Alasan ketiga, Pasal 156a merupakan Pasal yang lahir dari UU 1/PNPS/1965 yang dikeluarkan ketika negara dalam keadaan darurat, pemerintahan tidak berjalan secara normal karena adanya ketegangan antara kelompok muslim dan komunis. Oleh sebab itu, penerapan Pasal 156a tidak relevan lagi dengan era reformasi yang menghendaki adanya pengakuan dan perlindungan terhadap hak asasi manusia (demokrasi).

Yang keempat, rumusan Pasal 156a KUHP tidak jelas, ia tidak memenuhi prinsip lex certa dan lex scripta dalam pemenuhan asas legalitas, serta terlampau subjektif untuk diterapkan karena menggantungkan standar kebenaran atau kepatutan pada satu agama, yakni agama mayoritas. Hal ini menjadikan rumusan pasal 156a bertentangan dengan prinsip kepastian hukum yang diatur dalam Pasal 28D ayat (1) sehingga juga mengancam prinsip demokrasi yang menjunjung tinggi penegakan hukum yang berkeadilan (rule of law) bagi masyarakat.

Alasan kelima, Majelis Hakim dalam putusannya tidak menerapkan Pasal 156a KUHP sebagai delik materiil, uraian mens rea dalam pertimbangan hukum Majelis Hakim terlalu mengada-ada dan gagal untuk dibuktikan. Majelis Hakim tidak melihat bahwa unsur menciderai umat Islam, menimbulkan kegaduhan serta memecah kerukunan di masyarakat justru disebarkan oleh kelompok-kelompok intoleran yang melaporkan Ahok dan mendorong agar kasus Ahok masuk ke meja hijau. Majelis Hakim justru mebebankan segala bentuk kegaduhan dan gerakan massa yang menimbulkan keresahan di publik selama ini kepada Ahok. Dapat dikatakan, pertimbangan majelis hakim bahwa Ahok menimbulkan kegaduhan dan ketidaktertiban salah orang (eror in persona).

Yang keenam, Majelis Hakim juga abai dalam menerapkan hukum yang kontekstual dan sejalan dengan produk-produk peradilan yang ada sebelumnya, Majelis hakim tidak mengacu kepada Putusan MK No. 84/PUU-X/2012 terkait harus adanya peringatan berupa SKB 3 Menteri dan pengulangan perbuatan setelah terbitnya peringatan tersebut sebelum menerapkan Pasal 156a KUHP dengan sanksi pidana kepada Ahok.

Yang terakhir, penerapan Pasal 156a KUHP selalu didorong oleh tekanan publik.
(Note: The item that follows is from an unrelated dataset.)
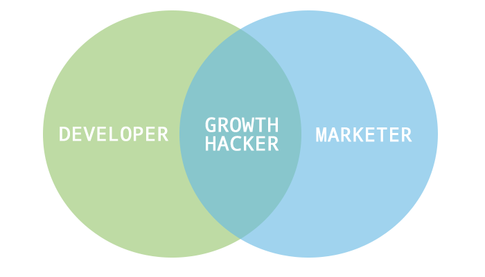 Growth Hacking: la via del successo per le startup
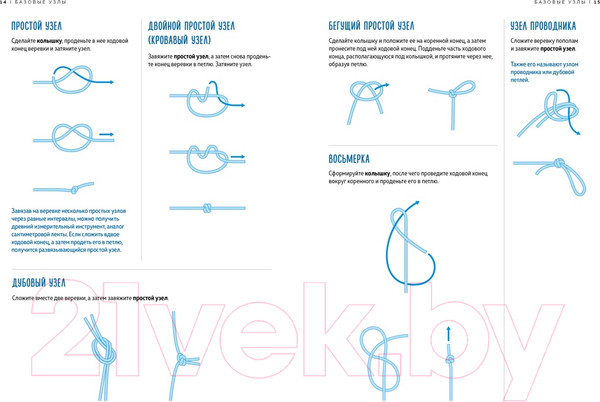 Изображение товара Книга КоЛибри Большая книга узлов. 420 узлов, инструментов и техник плетения (Маклахлен Г.)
Penafsiran apakah suatu perbuatan bermuatan unsur penodaan terhadap agama tidak  hanya didasari pada kajian terhadap unsur-unsurnya, melainkan mengikuti penafsiran dan tekanan publik yang merupakan berasal dari kelompok mayoritas. Intervensi tersebut pada akhirnya ikut menggiring independensi Majelis Hakim untuk mengambil keputusan yang sesuai dengan tuntutan kelompok intoleran dan mayoritas untuk menyatakan Ahok bersalah. Rule of law dikorbankan serta digantikan dengan rule by mass (mobokrasi). Ini menjelaskan bahwa cita-cita konstitusi kita yang menghendaki independensi hakim dalam setiap peradilan belumlah tercapai, dalam kondisi seperti ini hukum hanya menjadi alat bagi mayoritas untuk menghukum, mengerdilkan, dan menyudutkan minoritas dan kelompok yang berbeda pandangan.

Alhasil Putusan Majelis Hakim PN Jakarta Utara dalam kasus Ahok ini menjadi preseden buruk bagi kelompok minoritas agama dan keyakinan lainnya yang ada di Indonesia, bahkan bagi seluruh rakyat Indonesia. Untuk menyelamatkan demokrasi, Pemerintah dan DPR R.I. mesti meninjau ulang perumusan delik penodaan agama yang saat ini sedang berlangsung dalam pembahasan RUU KUHP di DPR RI dan menghapuskan pasal anti demokrasi tersebut demi menghormati prinsip demokrasi dan tegaknya hak asasi manusia serta kepastian hukum di Indonesia. Wallahualam bisshawab.